The company’s gross margin is also likely to continue improving this quarter because of higher factory utilization rates and a lower gold price, Credit Suisse analyst Jerry Su (蘇厚合) said in a note yesterday.
Su’s remarks came as shares of Chipbond, the nation’s largest LCD driver-chip packaging and testing firm, dropped nearly 15 percent last week amid investors’ concerns over weak third-quarter demand for flat-panel TVs and delays in the iPhone 5S launch.
Yesterday, Chipbond’s shares increased 6.77 percent to NT$64.7 and at one point rose by the daily limit of 7 percent to NT$64.8, Taiwan Stock Exchange data showed.
Su said that investors had overreacted to news about the termination of China’s TV purchase subsidy program last month and to concerns that high-end markets are nearing saturation.
“While we acknowledge the potential weakness for TV [demand], we believe iPhone 5S driver IC production should be on track to ramp up in late July,” Su said, citing the company’s recent supply-chain checks.
Credit Suisse forecast Chipbond’s third-quarter sales would grow 9 percent to NT$4.51 billion (US$150.9 million), from NT$4.14 billion in the second quarter.
With gold prices continuing on a downward trend and the firm’s utilization rate improving, gross margin is expected to improve to 27.9 percent this quarter and climb further to 28.8 percent in the fourth quarter, from 23.7 percent last quarter, the brokerage said.
UBS Securities yesterday expressed a similar view, saying that Chipbond’s recent share price correction was overdone and the company’s healthy long-term growth outlook should remain intact.
“Chipbond will continue to benefit from the panel resolution upgrade trend, given its high market share, [and] leading technology and one-stop shopping offering [with Simpal],” UBS analyst Samson Hung (洪希民) said in a separate note.
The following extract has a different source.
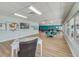 Community room with tables, chairs, and a large window at 1900 59Th N Ave # 305, St Petersburg, FL 33714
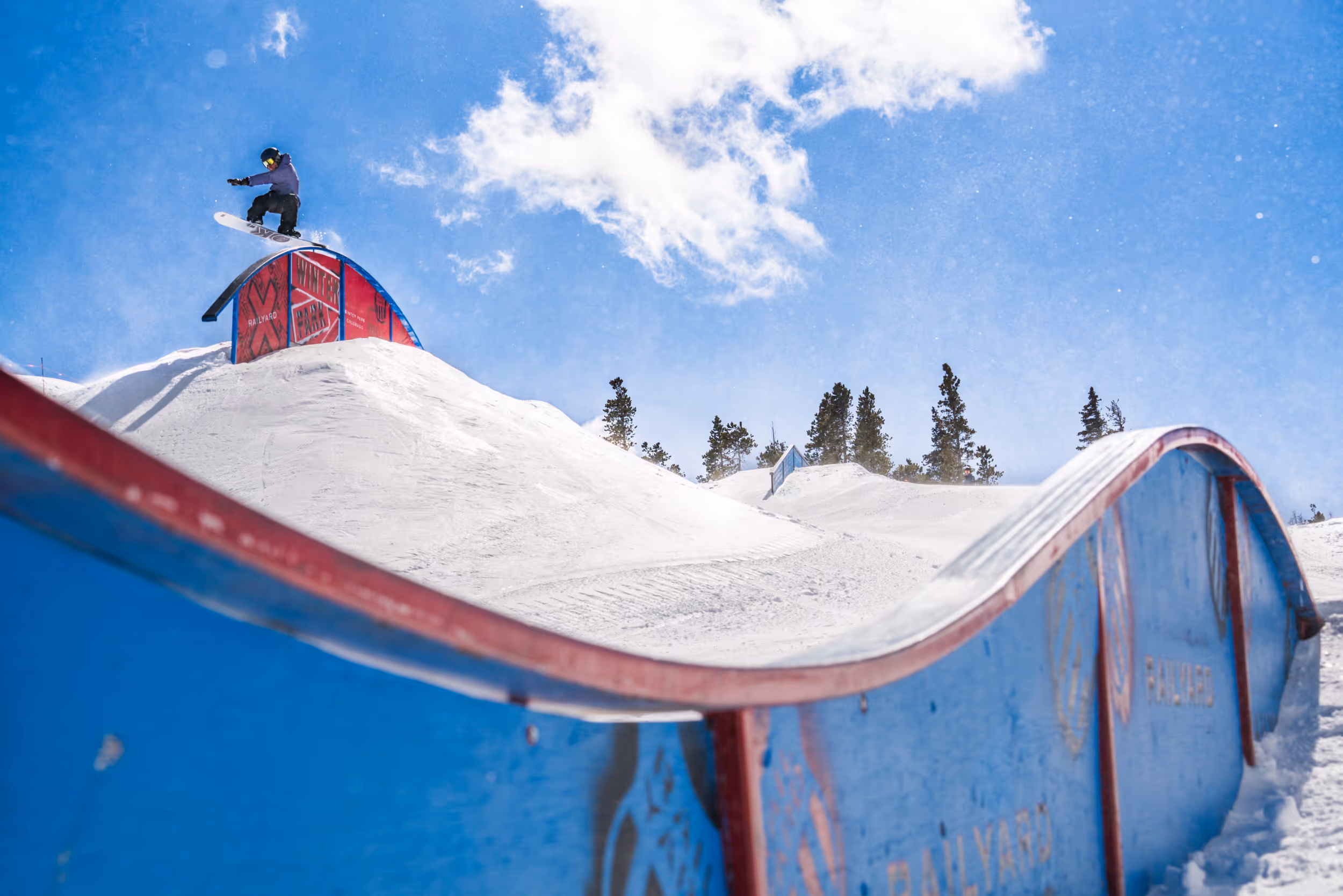 A snowboarder enjoying the terrain park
Chipbond is scheduled to complete the acquisition of Simpal Electronics Co (欣寶電子) in the fourth quarter of the year to secure material supplies. Simpal is one of the world’s top five substrate makers for the chip-on-film (COF) packaging process used for large driver IC applications.
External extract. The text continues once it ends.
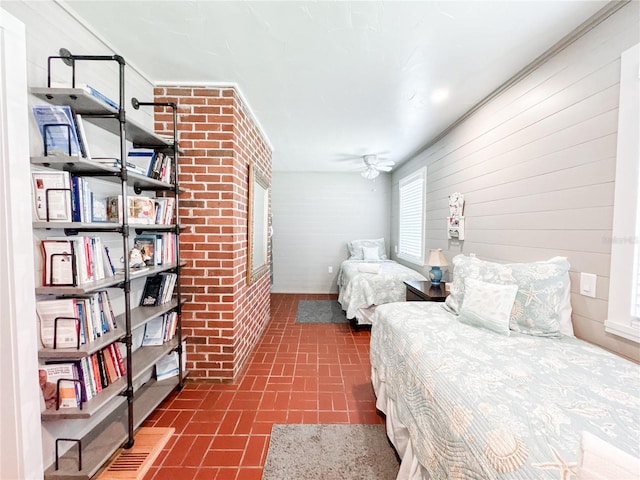 bedroom with brick patterned floors and wooden walls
UBS forecast the company’s sales would increase 3.9 percent quarter-on-quarter to NT$4.3 billion this quarter, which is lower than Credit Suisse’s estimate, citing inventory adjustment concerns for smartphone display driver ICs (DDIs) in China.
However, Chipbond is likely to see a stronger sales growth of between 15 percent and 20 percent next quarter because of the inclusion of Simpal, the DDI shipments for Apple’s new iPhone and rising demand for TV DDIs (including the ultra high-definition model) in the upcoming holiday season, he said.
Credit Suisse maintained a “neutral” rating on Chipbond with a target price of NT$70, while UBS retained its “buy” rating, but trimmed its target price to NT$93 from NT$98.